Chi-Squared Testing

  • Bowen Li
  • 2016/04/30

1. Aggregate data in a 2x2 Table

In many classification applications, for example, exposure-disease association, we can summarize data in the following $2 \times 2$ table:

Event: $D$ No Event: $\bar D$
Exposure: $E$ $a$ $b$ $n_B$
No Exposure: $\bar E$ $c$ $d$ $n_A$
$a+c$ $b+d$ $n$

The hypothesis to verify: the exposure $E$ and the event $D$ are independent? Actually, we would like to disprove this hypothesis, then we can claim the exposure is associated with the event.
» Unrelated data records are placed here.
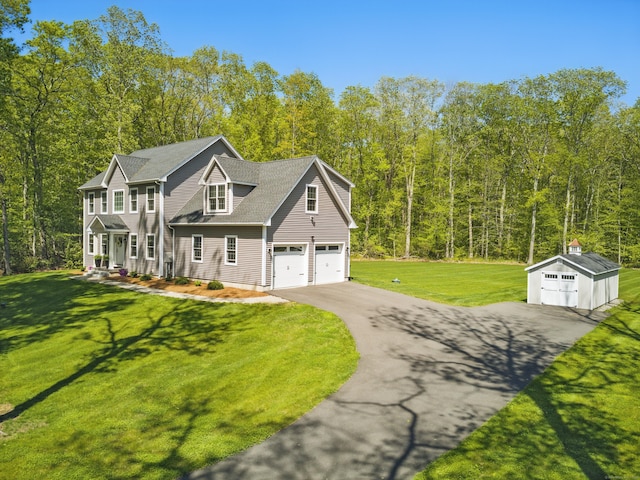 261 W St, Hebron, CT 06248 - view of front facade featuring asphalt driveway, a front yard, an outdoor structure, and a view of trees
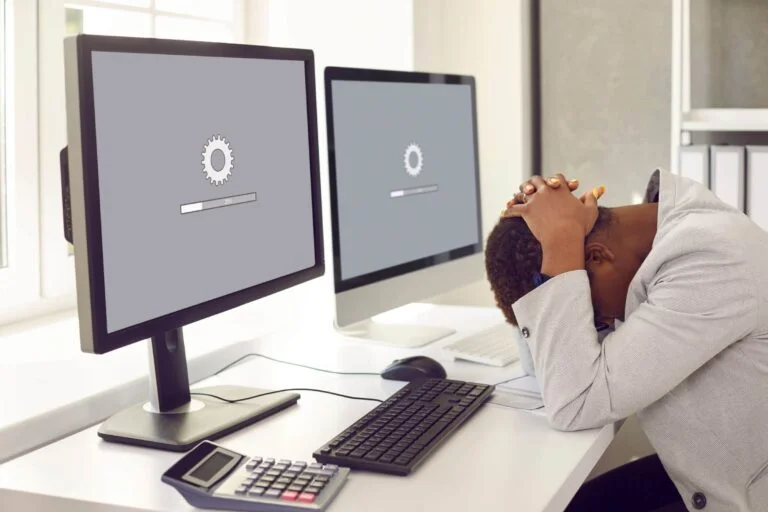 A man is performing website maintenance at a desk with two monitors.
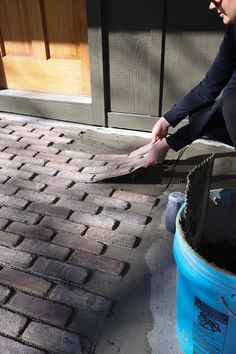 How To Install Bricks On A Concrete Porch Floor - Nadine Stay Porch Floor Ideas Concrete, Brick Tile Floor Outdoor, Brick House Screened Porch, How To Update Concrete Porch, Fixing Concrete Patio, Concrete Back Porch Ideas, Outdoor Tile Porch, Brick Over Concrete Porch, Brick Veneer Porch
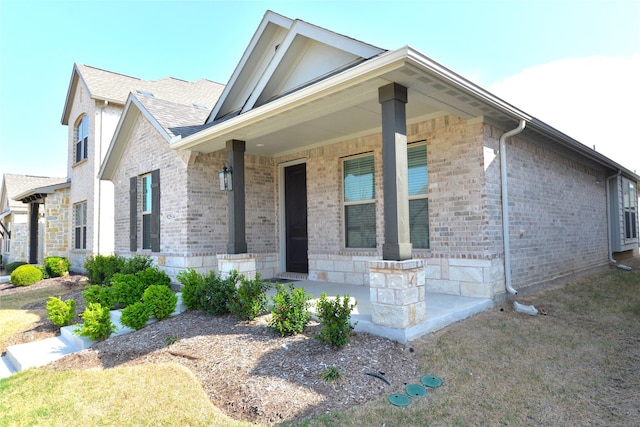 925 Plaza Ln, Argyle, TX 76226 - view of front of house with roof with shingles, a porch, and brick siding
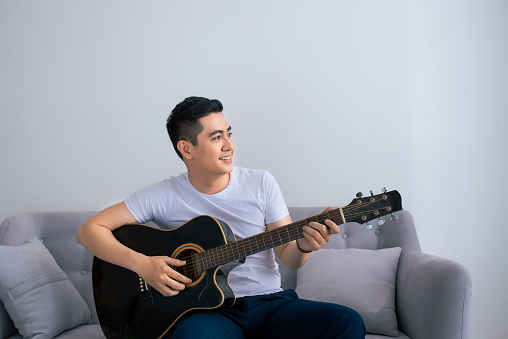 Handsome asian man playing on the guitar on the couch at home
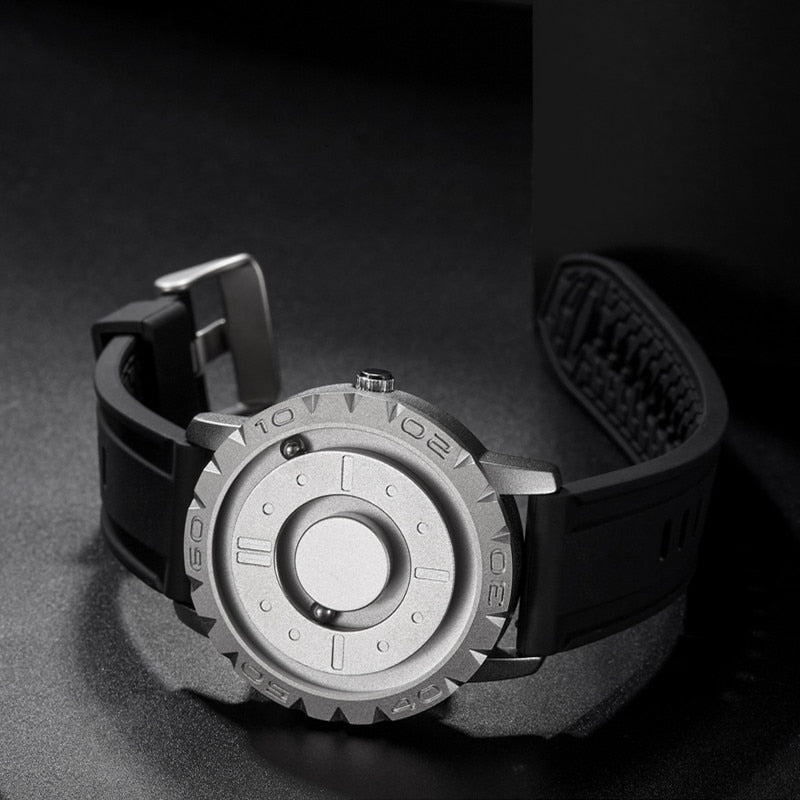 Men’s magnetic pointer watch with black rubber strap and silver-toned bezel with marker numerals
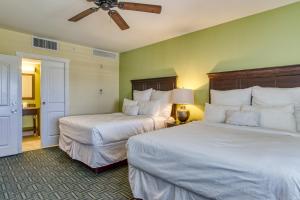a hotel room with two beds and a ceiling fan at New Hotel Collection Harbourside in Clearwater Beach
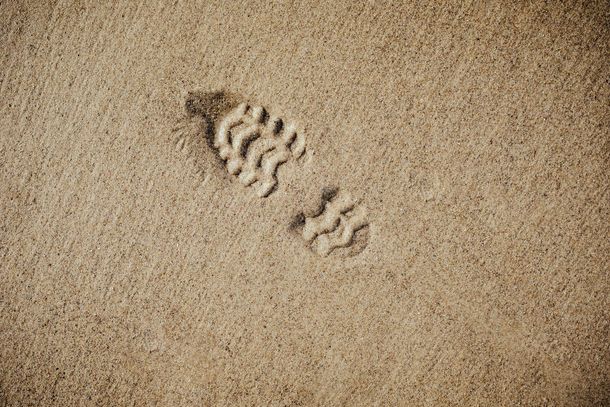 A close up of a footprint in the sand on a beach.
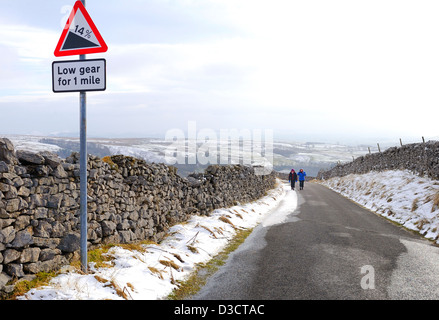 Two hikers walking up a narrow country road with dry stone wall and snow. Traffic sign warning to select low gear. Stock Photo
2. Pearson (1900)'s chi-squared test

Let $p_B = Pr(D | E)$ be the conditional probability of event, $D$, given the exposure group, $E$, and $p_A = Pr(D | \bar E)$ the conditional probability of event, $D$, given the non-exposure group, A.

The interested hypothesis can be represented as

$$ H_0: p_B = p_A, vs. H_1: p_B \neq p_A $$

Chi-squared test statistics under $H_0$:

$$ X_p = \frac{(\widehat {p}_B - \widehat {p}_A)^2}{\widehat{p} (1 - \widehat{p}) \left ( \frac{1}{n_B} + \frac{1}{n_A} \right )} = \frac{n (ad - bc)^2}{(a + b) (a + c) (b + d) (c + d)} = \sum_{i=1}^2 \sum_{j=1}^2 \frac{(O_{ij} - E_{ij})^2}{E_{ij}} \rightarrow^d \chi^2_{(1)} \quad \text{(1)} $$

where

  • $\widehat{p}_B = a / n_B$ and $\widehat{p}_A = c / n_A$
  • $p = Pr(\text{D})$, with estimate $\widehat{p} = (a + c) / n$
  • $O_{ij}$, $i,j = 1,2$: observed entries in 2x2 table
  • $E_{ij} = E(O_{ij})$, $i,j = 1,2$: expected entries in 2x2 table

By applying (1) we can obtain the corresponding testing procedure or confidence interval.

Appendix. Derivations of (1)

Let $p_B = \Pr(D | E)$, and $p_A = \Pr(D | \bar E)$,

$$ \widehat p_B = \frac{a}{a+b} = \frac{a}{n_B}, \widehat p_A = \frac{c}{c+d} = \frac{c}{n_A} $$

Under $H_0: p_B = p_A = p$,

$$ E(\widehat p_B - \widehat p_A) = 0, Var(\widehat p_B - \widehat p_A) = \frac{1}{n_B} p_B (1 - p_B) + \frac{1}{n_A} p_A (1 - p_A) = p (1 - p) \left [ \frac{1}{n_B} + \frac{1}{n_A} \right ] := \widehat V $$

From the Central Limit Theorem,

$$ \frac{\widehat p_B - \widehat p_A}{\sqrt{\widehat V}} = \frac{\widehat p_B - \widehat p_A)}{\sqrt{\widehat p (1 - \widehat p) \left [ \frac{1}{n_B} + \frac{1}{n_A} \right ]}} \rightarrow^d N(0, 1) $$

Thus,

$$ \frac{(\widehat p_B - \widehat p_A)^2}{\widehat p (1 - \widehat p) \left [ \frac{1}{n_B} + \frac{1}{n_A} \right ]} \rightarrow^d \chi^2_{(1)} $$

Numerator:

$$ (\widehat p_B - \widehat p_A)^2 = \left ( \frac{a}{n_B} - \frac{c}{n_A} \right )^2 = \frac{(ad - bc)^2}{(n_B n_A)^2} $$

Denominator:

$$ \widehat p (1 - \widehat p) \left [ \frac{1}{n_B} + \frac{1}{n_A} \right ] = \frac{a+c}{n} \frac{b+d}{n} \frac{n_B + n_A}{n_B n_A} = \frac{(a+c) (b+d)}{n n_B n_A} $$

Hence the first identity in equation (1) follows. Alternatively, first focus on cell $O_{11} = a$. Under $H_0:$ exposure and event are independent,

$$ E_{11} = E(O_{11}) = E(a) = n \Pr(E \cdot D) = n \Pr(E) \Pr(D) = n \frac{a+c}{n} \frac{a+b}{n} $$

Similar results can be derived for cells $b$, $c$ and $d$. Hence the second identity in equation (1) follows.

References

  • Jewell (2004). Statistics for Epidemiology.